Required work: Return the data below exactly, but only from the line containing "Bhutan Prints: View" through the line containing "Eyelashes Coloring, Gray Png", with both of those lines included.

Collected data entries
#####
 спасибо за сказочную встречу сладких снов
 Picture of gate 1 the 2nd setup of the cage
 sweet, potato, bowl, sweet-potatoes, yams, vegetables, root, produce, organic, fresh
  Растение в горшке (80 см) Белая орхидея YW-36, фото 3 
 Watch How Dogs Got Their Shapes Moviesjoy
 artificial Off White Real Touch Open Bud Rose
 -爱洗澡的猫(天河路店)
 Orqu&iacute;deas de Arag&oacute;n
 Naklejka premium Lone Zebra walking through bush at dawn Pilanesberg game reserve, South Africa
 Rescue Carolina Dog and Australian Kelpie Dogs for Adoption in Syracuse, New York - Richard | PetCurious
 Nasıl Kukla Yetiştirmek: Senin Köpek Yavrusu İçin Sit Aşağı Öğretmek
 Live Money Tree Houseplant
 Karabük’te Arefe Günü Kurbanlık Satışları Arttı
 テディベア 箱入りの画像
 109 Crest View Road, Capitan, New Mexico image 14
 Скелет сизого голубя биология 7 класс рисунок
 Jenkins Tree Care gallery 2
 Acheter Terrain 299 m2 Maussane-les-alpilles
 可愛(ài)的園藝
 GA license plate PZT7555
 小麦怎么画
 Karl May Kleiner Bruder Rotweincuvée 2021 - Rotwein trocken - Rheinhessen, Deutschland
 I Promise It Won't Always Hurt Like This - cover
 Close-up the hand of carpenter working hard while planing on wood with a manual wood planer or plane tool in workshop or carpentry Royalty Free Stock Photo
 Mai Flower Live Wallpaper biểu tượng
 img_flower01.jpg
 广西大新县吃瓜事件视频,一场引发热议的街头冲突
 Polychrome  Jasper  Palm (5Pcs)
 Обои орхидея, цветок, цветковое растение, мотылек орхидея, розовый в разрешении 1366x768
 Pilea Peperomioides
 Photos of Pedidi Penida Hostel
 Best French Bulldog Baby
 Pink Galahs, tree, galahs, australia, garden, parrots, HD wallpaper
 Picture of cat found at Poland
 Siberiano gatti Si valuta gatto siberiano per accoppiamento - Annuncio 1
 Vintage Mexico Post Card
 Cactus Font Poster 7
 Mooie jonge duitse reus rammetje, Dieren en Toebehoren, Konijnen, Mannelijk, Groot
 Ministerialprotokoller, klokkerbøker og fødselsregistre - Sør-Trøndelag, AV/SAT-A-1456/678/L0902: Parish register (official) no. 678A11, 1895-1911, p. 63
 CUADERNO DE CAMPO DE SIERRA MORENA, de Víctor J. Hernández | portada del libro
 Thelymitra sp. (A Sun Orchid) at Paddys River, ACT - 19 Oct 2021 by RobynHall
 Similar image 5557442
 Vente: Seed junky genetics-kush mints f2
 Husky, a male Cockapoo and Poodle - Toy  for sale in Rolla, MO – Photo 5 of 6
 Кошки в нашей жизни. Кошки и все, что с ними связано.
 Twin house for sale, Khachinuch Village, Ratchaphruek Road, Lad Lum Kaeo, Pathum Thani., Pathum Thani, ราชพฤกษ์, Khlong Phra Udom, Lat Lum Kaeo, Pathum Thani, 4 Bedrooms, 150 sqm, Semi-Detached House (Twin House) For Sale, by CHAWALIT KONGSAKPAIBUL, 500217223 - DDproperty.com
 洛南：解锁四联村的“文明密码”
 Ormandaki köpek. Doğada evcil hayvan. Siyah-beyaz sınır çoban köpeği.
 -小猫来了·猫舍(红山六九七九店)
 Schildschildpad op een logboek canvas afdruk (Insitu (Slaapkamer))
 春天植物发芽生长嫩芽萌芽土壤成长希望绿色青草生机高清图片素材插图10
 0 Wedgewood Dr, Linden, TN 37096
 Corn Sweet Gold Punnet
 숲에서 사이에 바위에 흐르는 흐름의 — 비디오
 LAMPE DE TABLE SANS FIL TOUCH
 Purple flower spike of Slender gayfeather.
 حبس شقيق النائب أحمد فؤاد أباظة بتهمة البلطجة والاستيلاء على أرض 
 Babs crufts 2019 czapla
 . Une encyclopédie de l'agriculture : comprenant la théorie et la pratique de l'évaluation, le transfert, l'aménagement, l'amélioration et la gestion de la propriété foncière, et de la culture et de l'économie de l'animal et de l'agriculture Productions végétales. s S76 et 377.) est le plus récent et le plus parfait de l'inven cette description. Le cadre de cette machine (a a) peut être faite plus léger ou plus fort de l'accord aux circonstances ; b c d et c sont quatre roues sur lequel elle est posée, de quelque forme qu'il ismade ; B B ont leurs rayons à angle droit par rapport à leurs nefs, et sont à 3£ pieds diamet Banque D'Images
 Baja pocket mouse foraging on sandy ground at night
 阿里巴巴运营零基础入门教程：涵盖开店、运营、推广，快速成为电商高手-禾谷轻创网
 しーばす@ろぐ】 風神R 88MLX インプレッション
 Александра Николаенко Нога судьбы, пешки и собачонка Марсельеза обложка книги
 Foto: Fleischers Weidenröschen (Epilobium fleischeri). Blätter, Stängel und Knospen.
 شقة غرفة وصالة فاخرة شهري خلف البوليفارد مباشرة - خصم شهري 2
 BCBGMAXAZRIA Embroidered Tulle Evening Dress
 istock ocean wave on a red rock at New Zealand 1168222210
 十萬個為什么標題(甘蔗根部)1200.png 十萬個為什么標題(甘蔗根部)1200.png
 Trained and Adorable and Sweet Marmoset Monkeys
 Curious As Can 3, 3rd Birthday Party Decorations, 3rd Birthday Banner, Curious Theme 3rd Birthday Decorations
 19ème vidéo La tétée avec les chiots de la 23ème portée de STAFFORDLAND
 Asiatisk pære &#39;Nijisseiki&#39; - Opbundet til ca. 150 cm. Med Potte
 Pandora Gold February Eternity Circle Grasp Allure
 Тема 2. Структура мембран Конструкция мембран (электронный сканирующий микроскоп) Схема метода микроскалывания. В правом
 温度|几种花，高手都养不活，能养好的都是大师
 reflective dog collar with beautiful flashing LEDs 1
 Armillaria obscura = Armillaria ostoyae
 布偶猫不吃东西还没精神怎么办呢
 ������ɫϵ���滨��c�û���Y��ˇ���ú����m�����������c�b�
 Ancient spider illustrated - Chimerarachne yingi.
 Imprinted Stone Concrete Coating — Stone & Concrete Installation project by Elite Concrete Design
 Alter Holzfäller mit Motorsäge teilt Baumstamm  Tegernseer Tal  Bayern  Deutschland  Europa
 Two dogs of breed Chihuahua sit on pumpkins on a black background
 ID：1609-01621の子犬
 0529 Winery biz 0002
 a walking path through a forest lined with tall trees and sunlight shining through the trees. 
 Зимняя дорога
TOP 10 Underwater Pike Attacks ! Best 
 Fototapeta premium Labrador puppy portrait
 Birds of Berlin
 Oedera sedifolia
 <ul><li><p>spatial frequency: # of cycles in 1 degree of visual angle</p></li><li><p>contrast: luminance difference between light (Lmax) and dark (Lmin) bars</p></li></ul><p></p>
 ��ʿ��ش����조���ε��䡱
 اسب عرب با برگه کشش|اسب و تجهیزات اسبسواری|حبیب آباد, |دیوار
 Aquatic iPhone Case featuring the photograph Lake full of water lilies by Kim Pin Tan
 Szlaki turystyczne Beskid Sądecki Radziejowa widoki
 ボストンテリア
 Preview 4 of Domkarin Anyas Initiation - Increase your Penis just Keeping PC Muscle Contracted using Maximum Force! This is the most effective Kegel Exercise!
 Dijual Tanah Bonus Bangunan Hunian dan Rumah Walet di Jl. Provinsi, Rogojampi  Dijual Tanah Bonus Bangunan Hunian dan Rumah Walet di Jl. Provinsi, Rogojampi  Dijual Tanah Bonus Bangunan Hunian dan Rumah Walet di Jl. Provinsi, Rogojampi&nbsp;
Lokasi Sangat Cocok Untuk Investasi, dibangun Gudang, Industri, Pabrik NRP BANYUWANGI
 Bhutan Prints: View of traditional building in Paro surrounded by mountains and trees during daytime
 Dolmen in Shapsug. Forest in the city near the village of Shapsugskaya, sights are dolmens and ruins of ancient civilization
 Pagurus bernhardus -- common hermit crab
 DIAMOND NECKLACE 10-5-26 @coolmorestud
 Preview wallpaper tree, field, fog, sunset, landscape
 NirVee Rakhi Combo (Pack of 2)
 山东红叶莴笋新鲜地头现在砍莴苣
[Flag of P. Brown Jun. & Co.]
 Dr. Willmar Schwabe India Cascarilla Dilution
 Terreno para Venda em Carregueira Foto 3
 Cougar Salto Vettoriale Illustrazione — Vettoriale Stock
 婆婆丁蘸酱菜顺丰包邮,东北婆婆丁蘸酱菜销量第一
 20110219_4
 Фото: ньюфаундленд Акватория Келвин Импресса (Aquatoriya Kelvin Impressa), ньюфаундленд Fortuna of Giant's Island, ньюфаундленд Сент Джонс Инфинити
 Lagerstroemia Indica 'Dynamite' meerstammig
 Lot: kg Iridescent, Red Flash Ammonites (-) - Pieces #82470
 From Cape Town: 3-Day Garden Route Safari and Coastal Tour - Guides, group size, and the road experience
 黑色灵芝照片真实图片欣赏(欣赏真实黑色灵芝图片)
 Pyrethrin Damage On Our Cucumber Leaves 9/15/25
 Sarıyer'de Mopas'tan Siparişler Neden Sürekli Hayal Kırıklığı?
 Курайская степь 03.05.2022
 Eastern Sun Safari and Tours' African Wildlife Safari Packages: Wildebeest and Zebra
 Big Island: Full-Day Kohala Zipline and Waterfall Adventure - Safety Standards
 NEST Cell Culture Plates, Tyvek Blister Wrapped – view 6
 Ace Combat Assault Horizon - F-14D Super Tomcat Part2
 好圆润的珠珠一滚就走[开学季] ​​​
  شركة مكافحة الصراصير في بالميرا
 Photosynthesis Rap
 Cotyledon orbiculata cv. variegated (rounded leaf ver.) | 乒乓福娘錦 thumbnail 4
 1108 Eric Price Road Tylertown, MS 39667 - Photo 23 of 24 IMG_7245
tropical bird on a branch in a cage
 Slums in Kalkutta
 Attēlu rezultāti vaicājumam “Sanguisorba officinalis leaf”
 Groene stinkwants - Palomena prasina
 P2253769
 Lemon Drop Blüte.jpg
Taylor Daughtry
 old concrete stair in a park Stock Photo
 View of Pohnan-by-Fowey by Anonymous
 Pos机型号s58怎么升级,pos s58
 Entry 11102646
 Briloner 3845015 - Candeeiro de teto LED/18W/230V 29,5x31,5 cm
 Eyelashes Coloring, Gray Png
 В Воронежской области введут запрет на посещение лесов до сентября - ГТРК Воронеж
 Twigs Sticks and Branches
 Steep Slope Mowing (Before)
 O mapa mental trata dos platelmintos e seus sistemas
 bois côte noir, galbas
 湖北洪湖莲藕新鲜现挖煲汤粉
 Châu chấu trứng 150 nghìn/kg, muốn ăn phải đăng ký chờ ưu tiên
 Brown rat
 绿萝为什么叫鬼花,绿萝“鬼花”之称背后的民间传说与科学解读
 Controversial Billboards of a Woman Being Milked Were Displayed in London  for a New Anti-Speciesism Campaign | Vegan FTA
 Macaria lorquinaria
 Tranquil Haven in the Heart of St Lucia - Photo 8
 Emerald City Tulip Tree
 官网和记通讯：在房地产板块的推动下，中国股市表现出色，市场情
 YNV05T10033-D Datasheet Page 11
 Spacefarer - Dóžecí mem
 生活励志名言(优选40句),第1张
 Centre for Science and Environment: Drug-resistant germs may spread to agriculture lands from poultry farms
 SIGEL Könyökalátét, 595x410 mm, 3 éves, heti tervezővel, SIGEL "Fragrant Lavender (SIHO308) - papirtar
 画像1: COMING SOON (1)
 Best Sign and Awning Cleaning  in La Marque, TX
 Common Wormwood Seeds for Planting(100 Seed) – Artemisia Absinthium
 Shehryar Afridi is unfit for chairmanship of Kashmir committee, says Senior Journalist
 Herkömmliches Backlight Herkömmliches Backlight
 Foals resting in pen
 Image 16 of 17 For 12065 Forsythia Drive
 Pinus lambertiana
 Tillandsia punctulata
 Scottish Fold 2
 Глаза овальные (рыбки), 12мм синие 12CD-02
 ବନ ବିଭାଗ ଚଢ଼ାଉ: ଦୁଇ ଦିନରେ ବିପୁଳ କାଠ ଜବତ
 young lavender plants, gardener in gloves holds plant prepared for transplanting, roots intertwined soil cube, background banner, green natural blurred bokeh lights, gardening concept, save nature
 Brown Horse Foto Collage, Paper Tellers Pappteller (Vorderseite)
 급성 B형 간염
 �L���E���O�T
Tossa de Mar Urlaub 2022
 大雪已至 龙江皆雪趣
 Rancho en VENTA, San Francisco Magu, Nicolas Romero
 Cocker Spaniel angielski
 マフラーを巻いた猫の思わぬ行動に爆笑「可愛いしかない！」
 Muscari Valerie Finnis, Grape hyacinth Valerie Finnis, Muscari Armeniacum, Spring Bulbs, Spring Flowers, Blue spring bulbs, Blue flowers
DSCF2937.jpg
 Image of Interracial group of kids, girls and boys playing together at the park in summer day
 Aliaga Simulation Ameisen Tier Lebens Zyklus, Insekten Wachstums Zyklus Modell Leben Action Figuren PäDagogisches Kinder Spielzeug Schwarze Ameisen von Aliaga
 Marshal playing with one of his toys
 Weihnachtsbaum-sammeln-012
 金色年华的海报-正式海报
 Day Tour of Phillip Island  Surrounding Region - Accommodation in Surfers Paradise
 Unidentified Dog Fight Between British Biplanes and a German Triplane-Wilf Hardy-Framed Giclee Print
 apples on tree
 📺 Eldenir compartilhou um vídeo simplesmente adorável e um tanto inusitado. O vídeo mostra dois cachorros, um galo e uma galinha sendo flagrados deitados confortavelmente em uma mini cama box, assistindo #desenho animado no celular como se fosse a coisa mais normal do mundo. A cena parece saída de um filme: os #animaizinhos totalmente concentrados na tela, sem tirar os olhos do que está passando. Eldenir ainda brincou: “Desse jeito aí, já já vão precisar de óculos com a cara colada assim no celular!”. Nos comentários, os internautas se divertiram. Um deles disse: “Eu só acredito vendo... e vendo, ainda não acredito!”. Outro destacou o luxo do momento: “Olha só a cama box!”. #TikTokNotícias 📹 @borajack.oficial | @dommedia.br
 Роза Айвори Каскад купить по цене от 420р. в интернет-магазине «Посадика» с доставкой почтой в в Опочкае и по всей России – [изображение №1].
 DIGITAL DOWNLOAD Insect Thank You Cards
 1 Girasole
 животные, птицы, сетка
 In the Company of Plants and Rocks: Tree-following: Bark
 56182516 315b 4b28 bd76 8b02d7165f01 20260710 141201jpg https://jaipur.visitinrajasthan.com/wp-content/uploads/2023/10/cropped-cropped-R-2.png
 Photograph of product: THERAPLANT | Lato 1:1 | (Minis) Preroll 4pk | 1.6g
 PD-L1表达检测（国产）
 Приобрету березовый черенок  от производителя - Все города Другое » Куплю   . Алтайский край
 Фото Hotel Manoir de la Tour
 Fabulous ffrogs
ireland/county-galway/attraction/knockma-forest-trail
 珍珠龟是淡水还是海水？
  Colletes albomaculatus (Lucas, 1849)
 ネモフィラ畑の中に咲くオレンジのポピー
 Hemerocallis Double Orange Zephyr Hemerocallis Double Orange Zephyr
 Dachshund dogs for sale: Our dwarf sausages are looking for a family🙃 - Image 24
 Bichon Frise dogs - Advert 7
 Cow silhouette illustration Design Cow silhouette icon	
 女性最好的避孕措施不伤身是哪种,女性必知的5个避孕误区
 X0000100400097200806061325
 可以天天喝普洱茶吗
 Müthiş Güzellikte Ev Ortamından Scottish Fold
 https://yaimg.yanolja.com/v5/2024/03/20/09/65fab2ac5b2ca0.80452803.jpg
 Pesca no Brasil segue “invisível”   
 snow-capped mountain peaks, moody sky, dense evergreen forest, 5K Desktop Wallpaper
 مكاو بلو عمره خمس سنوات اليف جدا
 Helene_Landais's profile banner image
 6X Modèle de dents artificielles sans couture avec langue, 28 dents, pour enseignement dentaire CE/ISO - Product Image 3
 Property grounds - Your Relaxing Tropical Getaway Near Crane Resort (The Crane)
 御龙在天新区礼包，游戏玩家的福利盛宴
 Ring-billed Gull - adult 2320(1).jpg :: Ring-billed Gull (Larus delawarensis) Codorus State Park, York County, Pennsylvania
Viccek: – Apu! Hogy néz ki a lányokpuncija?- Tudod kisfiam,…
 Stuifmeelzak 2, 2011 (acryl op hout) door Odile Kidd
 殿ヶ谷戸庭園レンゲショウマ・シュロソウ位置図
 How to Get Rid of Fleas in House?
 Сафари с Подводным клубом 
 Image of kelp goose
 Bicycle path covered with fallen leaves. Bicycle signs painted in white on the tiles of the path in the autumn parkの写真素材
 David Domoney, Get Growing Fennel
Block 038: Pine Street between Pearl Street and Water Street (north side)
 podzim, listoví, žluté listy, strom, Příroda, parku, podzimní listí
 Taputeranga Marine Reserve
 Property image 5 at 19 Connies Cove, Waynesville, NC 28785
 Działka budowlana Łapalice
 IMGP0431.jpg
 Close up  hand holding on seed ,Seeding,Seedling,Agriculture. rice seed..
#####
Answer section:
 Bhutan Prints: View of traditional building in Paro surrounded by mountains and trees during daytime
 Dolmen in Shapsug. Forest in the city near the village of Shapsugskaya, sights are dolmens and ruins of ancient civilization
 Pagurus bernhardus -- common hermit crab
 DIAMOND NECKLACE 10-5-26 @coolmorestud
 Preview wallpaper tree, field, fog, sunset, landscape
 NirVee Rakhi Combo (Pack of 2)
 山东红叶莴笋新鲜地头现在砍莴苣
[Flag of P. Brown Jun. & Co.]
 Dr. Willmar Schwabe India Cascarilla Dilution
 Terreno para Venda em Carregueira Foto 3
 Cougar Salto Vettoriale Illustrazione — Vettoriale Stock
 婆婆丁蘸酱菜顺丰包邮,东北婆婆丁蘸酱菜销量第一
 20110219_4
 Фото: ньюфаундленд Акватория Келвин Импресса (Aquatoriya Kelvin Impressa), ньюфаундленд Fortuna of Giant's Island, ньюфаундленд Сент Джонс Инфинити
 Lagerstroemia Indica 'Dynamite' meerstammig
 Lot: kg Iridescent, Red Flash Ammonites (-) - Pieces #82470
 From Cape Town: 3-Day Garden Route Safari and Coastal Tour - Guides, group size, and the road experience
 黑色灵芝照片真实图片欣赏(欣赏真实黑色灵芝图片)
 Pyrethrin Damage On Our Cucumber Leaves 9/15/25
 Sarıyer'de Mopas'tan Siparişler Neden Sürekli Hayal Kırıklığı?
 Курайская степь 03.05.2022
 Eastern Sun Safari and Tours' African Wildlife Safari Packages: Wildebeest and Zebra
 Big Island: Full-Day Kohala Zipline and Waterfall Adventure - Safety Standards
 NEST Cell Culture Plates, Tyvek Blister Wrapped – view 6
 Ace Combat Assault Horizon - F-14D Super Tomcat Part2
 好圆润的珠珠一滚就走[开学季] ​​​
  شركة مكافحة الصراصير في بالميرا
 Photosynthesis Rap
 Cotyledon orbiculata cv. variegated (rounded leaf ver.) | 乒乓福娘錦 thumbnail 4
 1108 Eric Price Road Tylertown, MS 39667 - Photo 23 of 24 IMG_7245
tropical bird on a branch in a cage
 Slums in Kalkutta
 Attēlu rezultāti vaicājumam “Sanguisorba officinalis leaf”
 Groene stinkwants - Palomena prasina
 P2253769
 Lemon Drop Blüte.jpg
Taylor Daughtry
 old concrete stair in a park Stock Photo
 View of Pohnan-by-Fowey by Anonymous
 Pos机型号s58怎么升级,pos s58
 Entry 11102646
 Briloner 3845015 - Candeeiro de teto LED/18W/230V 29,5x31,5 cm
 Eyelashes Coloring, Gray Png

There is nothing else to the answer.